İletişim Başkanlığı, "PKK'lısınız." "Hepiniz Apocusunuz." bize 2023 kampanyasında montajlarla İletişim Başkanlığı bunu söyledi. Hesap sordunuz mu? Hayır. Şimdi ben size desem ki: Siz PKK'lısınız, Apocusunuz. Yakışık alır mı? Almaz. Peki, niye bize söylerken yakışık alıyor? Onu yapan arkadaşla ilgili niye soruşturma açmadınız? Şimdi, bakın efendim, eşitsizlik, adaletsizlik öfkeyi doğurur ve adalet bekleyenlerin sürekli bekleyeceğine dair bir garantiniz yoktur. O nedenle, adaleti sağlayıp rehabilite etmek zorundasınız. Adalet yoksa rehabilitasyon yoktur.
Topkapı Sarayının düzenlemelerinden çok büyük, tarihe dair ne yapıyorsanız... Ama efendim, insan, greyderi, vinci o muhteşem yapıların içine sokar mı? O fotoğraflar orta yerde dururken "Hayır, sokmadık." der mi? Soruşturma açmak...
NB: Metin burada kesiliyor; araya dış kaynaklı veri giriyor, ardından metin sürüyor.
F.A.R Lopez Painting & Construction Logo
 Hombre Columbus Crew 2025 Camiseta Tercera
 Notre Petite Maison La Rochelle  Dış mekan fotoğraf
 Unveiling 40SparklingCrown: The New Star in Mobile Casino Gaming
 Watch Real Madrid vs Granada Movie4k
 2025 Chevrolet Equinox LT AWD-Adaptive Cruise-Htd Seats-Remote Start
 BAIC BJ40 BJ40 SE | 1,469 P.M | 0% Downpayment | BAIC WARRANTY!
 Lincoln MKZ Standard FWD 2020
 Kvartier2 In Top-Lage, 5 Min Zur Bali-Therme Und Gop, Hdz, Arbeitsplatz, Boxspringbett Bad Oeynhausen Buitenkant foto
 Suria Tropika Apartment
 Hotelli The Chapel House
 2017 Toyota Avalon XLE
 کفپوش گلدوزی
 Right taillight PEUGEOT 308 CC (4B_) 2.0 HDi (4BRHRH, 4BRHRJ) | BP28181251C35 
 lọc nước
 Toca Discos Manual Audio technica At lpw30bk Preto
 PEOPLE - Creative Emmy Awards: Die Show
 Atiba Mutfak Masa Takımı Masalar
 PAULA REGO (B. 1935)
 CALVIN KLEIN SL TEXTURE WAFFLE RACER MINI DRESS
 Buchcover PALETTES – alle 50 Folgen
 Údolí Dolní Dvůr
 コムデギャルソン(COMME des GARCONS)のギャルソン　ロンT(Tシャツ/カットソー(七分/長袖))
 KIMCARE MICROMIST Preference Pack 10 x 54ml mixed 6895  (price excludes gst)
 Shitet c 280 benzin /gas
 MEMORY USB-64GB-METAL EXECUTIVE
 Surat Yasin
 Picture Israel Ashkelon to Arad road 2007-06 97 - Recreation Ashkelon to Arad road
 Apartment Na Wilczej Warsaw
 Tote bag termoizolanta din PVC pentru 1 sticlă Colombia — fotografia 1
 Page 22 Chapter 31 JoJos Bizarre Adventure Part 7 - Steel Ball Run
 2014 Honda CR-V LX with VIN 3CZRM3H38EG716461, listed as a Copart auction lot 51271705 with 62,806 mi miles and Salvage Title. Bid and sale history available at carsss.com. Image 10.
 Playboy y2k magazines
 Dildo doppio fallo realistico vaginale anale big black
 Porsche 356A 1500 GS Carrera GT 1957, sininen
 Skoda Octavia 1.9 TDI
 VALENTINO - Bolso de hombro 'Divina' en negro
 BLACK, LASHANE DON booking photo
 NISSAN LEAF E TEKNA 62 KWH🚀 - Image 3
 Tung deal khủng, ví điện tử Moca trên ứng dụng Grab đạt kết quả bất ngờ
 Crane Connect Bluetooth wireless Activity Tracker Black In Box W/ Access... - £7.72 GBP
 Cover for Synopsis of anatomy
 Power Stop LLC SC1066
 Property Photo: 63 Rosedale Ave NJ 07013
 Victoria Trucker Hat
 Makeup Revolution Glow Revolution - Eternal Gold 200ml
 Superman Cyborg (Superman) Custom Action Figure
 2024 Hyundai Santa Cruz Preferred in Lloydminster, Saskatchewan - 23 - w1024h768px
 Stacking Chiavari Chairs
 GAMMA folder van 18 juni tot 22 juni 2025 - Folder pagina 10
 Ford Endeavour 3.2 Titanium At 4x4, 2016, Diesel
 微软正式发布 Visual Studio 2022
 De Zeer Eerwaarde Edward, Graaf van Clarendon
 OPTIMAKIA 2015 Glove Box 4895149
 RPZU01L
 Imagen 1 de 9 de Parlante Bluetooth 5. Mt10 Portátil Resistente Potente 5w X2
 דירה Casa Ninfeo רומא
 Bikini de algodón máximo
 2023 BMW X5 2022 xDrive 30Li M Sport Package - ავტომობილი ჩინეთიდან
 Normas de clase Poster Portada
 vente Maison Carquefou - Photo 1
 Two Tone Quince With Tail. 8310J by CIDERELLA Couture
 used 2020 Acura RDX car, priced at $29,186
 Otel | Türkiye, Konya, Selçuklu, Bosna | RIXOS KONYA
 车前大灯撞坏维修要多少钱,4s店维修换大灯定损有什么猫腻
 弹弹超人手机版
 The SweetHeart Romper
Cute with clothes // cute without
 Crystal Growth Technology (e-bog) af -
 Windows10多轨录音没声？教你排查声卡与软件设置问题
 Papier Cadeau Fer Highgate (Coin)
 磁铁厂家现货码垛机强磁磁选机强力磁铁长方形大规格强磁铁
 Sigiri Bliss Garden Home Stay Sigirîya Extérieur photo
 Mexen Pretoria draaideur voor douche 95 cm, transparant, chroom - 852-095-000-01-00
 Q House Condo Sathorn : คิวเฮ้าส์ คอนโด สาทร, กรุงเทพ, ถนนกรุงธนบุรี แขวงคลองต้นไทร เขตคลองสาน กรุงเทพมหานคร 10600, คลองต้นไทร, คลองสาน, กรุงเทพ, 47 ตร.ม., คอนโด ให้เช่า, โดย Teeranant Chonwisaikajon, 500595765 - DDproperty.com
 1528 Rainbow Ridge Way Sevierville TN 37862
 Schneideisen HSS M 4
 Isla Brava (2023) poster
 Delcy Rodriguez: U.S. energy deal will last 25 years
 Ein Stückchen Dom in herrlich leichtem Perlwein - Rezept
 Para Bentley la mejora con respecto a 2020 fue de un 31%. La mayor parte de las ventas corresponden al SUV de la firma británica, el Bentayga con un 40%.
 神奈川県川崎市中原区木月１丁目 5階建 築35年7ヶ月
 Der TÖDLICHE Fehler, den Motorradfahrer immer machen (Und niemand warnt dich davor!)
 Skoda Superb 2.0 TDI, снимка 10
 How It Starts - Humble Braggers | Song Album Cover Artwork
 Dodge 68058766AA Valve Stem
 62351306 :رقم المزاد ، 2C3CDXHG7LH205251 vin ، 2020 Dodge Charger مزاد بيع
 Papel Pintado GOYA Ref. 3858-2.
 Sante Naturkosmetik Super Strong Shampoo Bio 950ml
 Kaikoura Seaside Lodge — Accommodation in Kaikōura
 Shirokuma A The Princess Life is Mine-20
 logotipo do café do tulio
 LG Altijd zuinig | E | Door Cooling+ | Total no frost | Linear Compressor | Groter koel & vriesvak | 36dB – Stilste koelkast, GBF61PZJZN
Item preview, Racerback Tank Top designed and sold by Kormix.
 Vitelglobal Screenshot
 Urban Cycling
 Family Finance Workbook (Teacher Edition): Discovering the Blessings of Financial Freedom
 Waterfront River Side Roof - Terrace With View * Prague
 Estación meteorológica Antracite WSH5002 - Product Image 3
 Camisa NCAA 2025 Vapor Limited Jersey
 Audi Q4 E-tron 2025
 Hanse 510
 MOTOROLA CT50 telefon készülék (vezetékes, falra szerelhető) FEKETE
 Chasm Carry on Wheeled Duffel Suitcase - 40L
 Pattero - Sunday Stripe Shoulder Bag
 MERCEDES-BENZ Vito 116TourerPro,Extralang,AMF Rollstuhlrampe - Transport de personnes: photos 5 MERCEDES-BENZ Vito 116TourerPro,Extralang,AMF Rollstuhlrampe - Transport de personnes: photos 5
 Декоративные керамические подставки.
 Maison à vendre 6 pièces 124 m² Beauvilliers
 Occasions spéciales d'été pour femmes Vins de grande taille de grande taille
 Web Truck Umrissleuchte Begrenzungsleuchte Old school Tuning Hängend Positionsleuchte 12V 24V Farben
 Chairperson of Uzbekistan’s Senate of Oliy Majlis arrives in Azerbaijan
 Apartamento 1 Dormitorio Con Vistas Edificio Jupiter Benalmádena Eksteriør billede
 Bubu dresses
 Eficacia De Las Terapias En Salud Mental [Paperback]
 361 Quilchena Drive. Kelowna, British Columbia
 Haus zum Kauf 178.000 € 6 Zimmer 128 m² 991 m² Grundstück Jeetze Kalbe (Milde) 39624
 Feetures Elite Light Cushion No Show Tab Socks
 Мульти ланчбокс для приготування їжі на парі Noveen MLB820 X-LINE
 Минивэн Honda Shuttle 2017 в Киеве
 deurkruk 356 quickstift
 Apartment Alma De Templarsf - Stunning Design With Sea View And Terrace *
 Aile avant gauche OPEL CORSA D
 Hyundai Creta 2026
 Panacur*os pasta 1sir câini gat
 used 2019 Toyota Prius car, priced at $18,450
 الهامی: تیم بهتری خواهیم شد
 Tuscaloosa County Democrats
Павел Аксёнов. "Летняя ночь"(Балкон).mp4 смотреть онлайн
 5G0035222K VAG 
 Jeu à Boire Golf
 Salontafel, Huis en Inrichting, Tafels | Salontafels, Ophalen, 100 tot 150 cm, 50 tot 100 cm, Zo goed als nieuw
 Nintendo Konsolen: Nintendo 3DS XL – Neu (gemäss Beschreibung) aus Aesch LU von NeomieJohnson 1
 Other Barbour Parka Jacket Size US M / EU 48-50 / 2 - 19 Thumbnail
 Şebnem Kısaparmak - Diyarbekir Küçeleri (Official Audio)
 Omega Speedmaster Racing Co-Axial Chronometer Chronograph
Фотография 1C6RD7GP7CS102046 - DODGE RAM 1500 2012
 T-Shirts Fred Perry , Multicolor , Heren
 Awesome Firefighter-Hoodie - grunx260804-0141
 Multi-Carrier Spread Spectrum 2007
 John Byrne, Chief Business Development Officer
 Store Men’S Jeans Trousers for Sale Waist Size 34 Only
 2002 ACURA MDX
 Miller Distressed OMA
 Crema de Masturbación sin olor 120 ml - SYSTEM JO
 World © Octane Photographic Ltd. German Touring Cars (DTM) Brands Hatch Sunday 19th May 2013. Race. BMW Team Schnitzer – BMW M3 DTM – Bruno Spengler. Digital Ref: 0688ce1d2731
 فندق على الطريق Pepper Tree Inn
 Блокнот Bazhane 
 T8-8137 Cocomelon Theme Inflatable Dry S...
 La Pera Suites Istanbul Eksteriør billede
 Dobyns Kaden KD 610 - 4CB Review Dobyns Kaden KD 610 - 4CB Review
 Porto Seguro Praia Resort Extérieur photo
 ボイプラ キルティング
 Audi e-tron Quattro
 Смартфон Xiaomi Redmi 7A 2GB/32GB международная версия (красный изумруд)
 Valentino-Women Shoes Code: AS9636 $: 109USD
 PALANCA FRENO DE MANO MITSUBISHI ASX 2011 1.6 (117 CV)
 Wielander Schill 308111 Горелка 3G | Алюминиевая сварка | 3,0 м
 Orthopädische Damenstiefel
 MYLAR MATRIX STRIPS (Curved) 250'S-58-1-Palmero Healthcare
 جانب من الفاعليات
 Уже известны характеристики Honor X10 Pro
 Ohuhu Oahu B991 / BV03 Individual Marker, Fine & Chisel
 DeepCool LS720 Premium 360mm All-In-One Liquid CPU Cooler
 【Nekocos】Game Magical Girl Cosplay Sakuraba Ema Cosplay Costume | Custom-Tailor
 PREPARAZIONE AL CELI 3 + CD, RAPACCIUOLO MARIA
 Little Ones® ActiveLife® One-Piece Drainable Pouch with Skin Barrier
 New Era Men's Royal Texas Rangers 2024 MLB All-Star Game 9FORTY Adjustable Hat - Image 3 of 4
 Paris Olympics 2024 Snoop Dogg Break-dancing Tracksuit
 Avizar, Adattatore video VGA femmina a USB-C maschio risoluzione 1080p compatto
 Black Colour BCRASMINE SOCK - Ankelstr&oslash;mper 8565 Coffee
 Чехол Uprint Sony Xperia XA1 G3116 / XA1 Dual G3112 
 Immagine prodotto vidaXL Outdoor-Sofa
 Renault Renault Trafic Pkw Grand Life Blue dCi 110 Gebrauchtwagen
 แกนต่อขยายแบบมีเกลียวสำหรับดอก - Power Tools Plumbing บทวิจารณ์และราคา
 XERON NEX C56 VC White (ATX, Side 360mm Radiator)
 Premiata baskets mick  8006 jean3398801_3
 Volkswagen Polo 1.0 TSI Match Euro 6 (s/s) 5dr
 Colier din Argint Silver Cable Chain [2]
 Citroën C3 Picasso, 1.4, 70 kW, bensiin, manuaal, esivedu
Peki, çok teşekkür ediyorum, sağ olun.
(Mikrofon otomatik cihaz tarafından kapatıldı)
BAŞKAN MEHMET MUŞ - Evet, Topkapı Sarayı değildi, Ayasofya'ydı, vinç Ayasofya'daydı.
AHMET TUNCAY ÖZKAN (İzmir) - Ayasofya. Hayır, hayır, Topkayı Sarayıyla ilgili düzenlemeler yapmışlar, ona teşekkür ettim ama süre kalmayınca Ayasofya'yı söyleyemedim.
Teşekkür ediyorum.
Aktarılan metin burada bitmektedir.